Konteks teoretis arsitektur juga banyak ditemui di berbagai bidang lain, seperti
dalam teori seni, atau dalam konteks sastra. Hal ini membuat teori arsitektur bersifat
polivalen; ruang lingkupnya tidak dibatasi. Sisi lain dalam hal ini menyangkut tentang
sikap yang harus diambil terhadap isu-isu praktis, seperti konstruksi, material, efisiensi, dan
lain sebagainya, mengenai sejauh apa mereka dibawa ke dalam rangka kerja buku seperti
ini, dan seberapa penting aspek-aspek ini bagi teori-teori yang bersangkutan.
Mayoritas program-program yang berisi teori arsitektur mengombinasikan aspekaspek estetika, sosial, dan praktis sebagai satu kesatuan. Penekanan pada salah satunya
akan kemudian mengembangkan hal lain.
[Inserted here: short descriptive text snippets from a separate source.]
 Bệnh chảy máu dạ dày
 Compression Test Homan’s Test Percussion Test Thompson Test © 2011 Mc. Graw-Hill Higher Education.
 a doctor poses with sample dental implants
Contohnya jika penekanan terjadi pada aspek
teoretis akan lebih condong ke bidang kritik, atau jika lebih banyak menyingkap masalah
teknis, format luaran akan lebih seperti handbook yang biasanya dipenuhi oleh kompilasi
ilustrasi teknis berbagai macam bangunan.
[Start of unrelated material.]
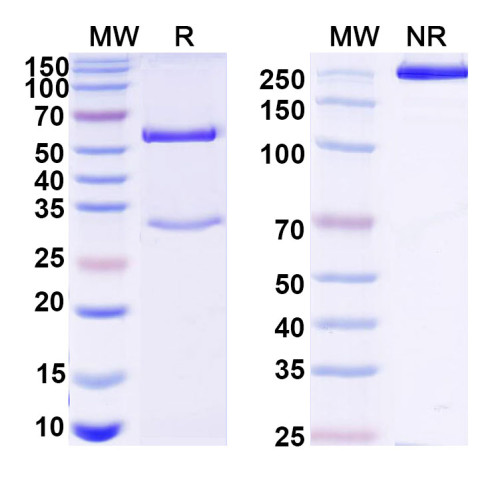 Anti-Human ADAMTS4 Antibody (7C7) Anti-Human ADAMTS4 Antibody (7C7)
Aspek praktis ini juga memungkinkan adanya topik-topik individual. Contohnya
bagian-bagian individu sebuah vila, untuk didiskusikan secara terpisah. Namun, hal ini
rawan akan terjadinya pengabaian konteks teoretis. Selain itu, seseorang juga rentan
untuk salah menginterpretasikan pendiskusian parsial ini sebagai sebuah keseluruhan.
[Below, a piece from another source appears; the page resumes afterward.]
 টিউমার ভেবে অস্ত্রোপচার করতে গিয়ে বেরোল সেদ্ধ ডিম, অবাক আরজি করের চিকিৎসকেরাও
Teori arsitektur, menurut penulis, terdiri dari sistem tertulis arsitektur apapun, baik
secara keseluruhan ataupun parsial, yang berdasarkan pada kategori estetika. Definisi ini
masih berlaku bahkan jika aspek estetika ini direduksi menjadi aspek fungsional. Definisi ini
juga dapat bersifat lebih terbuka, dengan tidak memberi batasan yang terlalu tegas
antara teori estetik dan teori artistik di satu sisi, serta aspek teknologi di sisi lain. Selain itu,
terdapat pula hubungan yang erat antara teori arsitektur dan bidang sejarah lainnya,
khususnya arkeologi, sejarah arsitektur, dan sejarah seni. Menariknya, hal ini juga terjadi
pada area yang bertumpuk antara dunia utopia politik dan sosial, dimana pemikiranpemikiran mengenai masyarakat dapat diekspresikan dalam bentuk pemikiran tentang
arsitektur.

Untuk mengapresiasi bagaimana para arsitek memandang tugas mereka, penting


bagi kita untuk mengerti fondasi teoretis yang berlaku pada masa tersebut dan
evolusinya. Teori arsitektur merupakan konteks historis yang kausatif. Sistem-sistem baru
selalu bermunculan dari sistem-sistem lama; tak ada yang namanya sistem baru. Maka
dari itu, teori arsitektur selalu berkaitan dengan sejarah. Hal-hal yang ada pada masa kini
selalu merupakan perwakilan dari sebuah fase dalam proses sejarah.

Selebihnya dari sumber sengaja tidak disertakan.